[Saved data entries]
= = = = = = =

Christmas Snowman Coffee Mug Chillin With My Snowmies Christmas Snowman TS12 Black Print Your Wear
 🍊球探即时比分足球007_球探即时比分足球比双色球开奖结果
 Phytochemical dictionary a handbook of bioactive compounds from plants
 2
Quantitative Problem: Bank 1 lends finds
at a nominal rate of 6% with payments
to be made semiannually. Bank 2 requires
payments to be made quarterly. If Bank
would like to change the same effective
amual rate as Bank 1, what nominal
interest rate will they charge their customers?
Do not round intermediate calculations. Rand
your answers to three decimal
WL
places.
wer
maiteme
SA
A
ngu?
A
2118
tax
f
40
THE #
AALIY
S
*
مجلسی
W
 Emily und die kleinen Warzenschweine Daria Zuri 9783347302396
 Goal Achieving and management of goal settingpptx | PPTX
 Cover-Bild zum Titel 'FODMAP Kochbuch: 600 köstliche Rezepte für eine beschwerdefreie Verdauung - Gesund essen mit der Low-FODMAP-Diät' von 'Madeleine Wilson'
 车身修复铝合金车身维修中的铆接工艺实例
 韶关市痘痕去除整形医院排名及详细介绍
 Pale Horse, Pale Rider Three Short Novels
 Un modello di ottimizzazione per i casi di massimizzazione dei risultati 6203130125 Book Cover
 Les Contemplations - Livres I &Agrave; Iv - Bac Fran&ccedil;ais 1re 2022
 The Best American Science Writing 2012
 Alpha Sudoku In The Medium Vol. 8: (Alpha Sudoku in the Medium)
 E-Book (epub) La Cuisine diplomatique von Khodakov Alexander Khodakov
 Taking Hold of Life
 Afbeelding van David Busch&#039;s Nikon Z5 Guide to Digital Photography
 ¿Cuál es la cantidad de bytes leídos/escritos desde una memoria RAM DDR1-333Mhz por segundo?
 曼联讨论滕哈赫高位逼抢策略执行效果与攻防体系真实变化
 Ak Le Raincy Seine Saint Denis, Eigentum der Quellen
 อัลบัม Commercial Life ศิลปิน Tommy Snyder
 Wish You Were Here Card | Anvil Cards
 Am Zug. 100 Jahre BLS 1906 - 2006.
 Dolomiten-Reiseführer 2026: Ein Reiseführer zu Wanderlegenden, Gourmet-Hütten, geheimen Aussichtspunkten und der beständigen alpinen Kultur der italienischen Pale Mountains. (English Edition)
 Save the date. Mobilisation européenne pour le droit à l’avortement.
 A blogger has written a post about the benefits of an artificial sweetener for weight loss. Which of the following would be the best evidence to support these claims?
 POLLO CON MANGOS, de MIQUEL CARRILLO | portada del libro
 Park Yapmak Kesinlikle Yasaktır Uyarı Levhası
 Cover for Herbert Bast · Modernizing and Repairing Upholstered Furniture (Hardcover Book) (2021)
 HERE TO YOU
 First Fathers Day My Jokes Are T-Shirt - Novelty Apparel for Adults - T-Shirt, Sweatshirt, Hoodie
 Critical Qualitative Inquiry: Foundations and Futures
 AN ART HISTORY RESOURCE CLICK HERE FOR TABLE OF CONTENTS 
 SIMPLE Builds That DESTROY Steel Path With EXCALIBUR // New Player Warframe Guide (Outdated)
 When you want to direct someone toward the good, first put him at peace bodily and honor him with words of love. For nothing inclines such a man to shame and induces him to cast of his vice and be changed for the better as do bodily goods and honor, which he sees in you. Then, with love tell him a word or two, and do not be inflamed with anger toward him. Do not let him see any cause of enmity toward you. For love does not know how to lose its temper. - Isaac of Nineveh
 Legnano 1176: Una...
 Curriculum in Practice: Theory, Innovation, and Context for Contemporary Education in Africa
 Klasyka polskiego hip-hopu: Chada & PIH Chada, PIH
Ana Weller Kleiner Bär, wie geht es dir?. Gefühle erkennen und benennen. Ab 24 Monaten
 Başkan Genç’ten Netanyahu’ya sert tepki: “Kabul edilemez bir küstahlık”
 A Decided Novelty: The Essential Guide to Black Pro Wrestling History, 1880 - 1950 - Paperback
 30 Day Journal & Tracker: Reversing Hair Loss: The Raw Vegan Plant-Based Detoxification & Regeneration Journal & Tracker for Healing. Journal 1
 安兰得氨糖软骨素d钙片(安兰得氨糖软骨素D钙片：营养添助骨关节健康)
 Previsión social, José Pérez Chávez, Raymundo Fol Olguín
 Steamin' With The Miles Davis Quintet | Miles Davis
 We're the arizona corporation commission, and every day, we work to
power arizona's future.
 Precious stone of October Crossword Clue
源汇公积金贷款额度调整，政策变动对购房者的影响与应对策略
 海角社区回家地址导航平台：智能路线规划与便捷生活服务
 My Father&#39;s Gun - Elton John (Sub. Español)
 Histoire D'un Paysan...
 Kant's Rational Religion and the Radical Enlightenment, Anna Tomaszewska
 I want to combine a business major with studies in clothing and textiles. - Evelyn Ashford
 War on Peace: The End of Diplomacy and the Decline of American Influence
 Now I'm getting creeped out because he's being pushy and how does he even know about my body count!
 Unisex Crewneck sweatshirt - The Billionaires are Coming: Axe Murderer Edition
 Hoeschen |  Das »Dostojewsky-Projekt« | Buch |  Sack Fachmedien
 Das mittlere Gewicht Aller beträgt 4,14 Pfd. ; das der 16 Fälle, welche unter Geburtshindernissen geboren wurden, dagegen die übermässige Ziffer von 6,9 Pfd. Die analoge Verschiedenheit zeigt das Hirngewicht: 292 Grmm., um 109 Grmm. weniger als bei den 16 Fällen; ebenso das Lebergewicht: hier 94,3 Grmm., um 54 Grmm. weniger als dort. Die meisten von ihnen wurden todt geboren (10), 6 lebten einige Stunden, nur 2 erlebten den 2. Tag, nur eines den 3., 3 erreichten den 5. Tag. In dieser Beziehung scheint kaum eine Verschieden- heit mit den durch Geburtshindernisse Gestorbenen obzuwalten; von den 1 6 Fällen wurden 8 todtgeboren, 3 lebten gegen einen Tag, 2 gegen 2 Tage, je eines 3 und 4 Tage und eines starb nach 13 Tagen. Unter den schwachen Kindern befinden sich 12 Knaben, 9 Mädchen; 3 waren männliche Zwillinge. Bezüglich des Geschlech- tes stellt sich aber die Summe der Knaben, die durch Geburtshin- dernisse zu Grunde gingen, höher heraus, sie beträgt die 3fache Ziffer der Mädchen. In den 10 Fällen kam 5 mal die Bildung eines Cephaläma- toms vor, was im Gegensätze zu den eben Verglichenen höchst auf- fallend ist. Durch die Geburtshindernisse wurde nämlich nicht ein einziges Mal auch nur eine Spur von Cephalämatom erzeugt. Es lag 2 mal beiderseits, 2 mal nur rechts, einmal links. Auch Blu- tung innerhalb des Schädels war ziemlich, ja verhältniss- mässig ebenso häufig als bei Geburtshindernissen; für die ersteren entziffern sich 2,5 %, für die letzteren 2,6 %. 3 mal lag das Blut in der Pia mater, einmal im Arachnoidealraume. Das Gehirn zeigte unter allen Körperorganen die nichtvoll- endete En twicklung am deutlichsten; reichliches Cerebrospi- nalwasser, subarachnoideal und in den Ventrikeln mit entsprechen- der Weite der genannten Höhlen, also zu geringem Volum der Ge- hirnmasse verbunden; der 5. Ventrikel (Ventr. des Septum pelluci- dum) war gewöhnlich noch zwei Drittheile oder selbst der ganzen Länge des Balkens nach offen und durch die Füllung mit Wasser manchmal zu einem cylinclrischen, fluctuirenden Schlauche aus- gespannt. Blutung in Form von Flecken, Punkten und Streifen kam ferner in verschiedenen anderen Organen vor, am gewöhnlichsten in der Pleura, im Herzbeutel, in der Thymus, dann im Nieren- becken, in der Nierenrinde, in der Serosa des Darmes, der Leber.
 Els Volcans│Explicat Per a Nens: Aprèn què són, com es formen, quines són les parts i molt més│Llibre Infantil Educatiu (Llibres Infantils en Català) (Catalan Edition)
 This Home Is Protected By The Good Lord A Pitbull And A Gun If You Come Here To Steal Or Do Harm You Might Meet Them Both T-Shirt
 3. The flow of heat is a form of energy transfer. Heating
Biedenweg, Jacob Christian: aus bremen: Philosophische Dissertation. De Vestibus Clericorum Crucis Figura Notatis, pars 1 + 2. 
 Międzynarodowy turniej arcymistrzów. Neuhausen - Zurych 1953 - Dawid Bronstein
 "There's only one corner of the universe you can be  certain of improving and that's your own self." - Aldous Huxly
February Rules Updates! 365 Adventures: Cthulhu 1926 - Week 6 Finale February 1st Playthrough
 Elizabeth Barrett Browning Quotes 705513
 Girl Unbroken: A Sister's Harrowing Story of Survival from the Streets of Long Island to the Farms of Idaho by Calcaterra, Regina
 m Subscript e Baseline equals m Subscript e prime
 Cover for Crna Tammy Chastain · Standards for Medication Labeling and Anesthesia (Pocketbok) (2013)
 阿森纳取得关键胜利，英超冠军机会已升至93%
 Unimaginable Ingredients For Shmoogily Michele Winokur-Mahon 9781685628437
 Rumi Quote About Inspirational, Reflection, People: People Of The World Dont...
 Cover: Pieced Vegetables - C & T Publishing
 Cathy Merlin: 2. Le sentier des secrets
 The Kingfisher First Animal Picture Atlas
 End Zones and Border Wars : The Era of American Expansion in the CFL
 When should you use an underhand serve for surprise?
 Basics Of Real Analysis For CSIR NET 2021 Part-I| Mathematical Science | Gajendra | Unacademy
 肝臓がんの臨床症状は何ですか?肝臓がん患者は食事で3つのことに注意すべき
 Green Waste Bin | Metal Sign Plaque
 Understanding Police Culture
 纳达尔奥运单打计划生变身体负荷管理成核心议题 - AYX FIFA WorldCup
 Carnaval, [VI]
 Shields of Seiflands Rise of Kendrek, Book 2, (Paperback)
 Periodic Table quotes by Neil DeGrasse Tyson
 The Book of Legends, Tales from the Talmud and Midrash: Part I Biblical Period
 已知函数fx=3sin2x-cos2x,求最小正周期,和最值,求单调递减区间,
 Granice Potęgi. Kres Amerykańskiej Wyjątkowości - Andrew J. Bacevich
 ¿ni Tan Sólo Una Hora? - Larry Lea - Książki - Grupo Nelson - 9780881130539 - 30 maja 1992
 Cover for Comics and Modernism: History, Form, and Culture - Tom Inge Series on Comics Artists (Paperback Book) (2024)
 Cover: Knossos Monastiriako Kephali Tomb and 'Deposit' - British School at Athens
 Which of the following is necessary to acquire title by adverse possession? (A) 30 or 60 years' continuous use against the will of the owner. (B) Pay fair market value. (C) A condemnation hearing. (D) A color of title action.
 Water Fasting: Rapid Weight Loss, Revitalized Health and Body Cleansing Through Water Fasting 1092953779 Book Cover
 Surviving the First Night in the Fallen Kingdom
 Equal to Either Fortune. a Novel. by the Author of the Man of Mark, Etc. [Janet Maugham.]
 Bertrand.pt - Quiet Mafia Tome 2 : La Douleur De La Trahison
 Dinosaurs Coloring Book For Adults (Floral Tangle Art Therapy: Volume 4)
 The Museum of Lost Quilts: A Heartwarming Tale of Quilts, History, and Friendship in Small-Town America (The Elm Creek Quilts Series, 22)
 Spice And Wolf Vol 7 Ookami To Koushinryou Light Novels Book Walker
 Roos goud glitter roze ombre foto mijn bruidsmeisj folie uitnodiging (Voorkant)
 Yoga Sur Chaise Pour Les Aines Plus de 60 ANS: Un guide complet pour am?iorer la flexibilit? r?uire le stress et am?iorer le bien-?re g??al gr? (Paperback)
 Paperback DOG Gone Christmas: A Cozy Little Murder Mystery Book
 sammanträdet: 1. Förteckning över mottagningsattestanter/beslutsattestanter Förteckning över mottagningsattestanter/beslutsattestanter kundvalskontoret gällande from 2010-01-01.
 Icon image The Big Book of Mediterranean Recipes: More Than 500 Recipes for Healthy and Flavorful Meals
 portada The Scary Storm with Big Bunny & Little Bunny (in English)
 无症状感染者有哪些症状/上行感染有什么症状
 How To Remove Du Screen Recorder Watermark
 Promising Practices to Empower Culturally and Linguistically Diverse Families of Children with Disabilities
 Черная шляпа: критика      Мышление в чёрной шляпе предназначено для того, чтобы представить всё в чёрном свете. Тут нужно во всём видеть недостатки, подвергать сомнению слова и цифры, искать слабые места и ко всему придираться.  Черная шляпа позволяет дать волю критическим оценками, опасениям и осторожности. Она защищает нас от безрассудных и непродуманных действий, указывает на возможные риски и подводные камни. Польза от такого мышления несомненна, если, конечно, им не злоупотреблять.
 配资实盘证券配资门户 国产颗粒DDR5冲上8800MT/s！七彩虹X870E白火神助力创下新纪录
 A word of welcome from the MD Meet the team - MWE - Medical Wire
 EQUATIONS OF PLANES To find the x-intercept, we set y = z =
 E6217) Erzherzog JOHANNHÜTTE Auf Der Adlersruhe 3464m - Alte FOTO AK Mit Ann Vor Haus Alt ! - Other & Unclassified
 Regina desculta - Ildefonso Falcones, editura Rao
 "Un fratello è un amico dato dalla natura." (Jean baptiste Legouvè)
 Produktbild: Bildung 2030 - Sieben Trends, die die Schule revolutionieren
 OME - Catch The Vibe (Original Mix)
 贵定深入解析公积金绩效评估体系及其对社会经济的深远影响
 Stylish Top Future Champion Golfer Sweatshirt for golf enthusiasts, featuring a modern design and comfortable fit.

= = = = = = =

● **TASK DETAILS**
The lines holding the word "Culture" are the answer. Find them in the entries and copy them.

● **RESULT**
 Understanding Police Culture
 Cover for Comics and Modernism: History, Form, and Culture - Tom Inge Series on Comics Artists (Paperback Book) (2024)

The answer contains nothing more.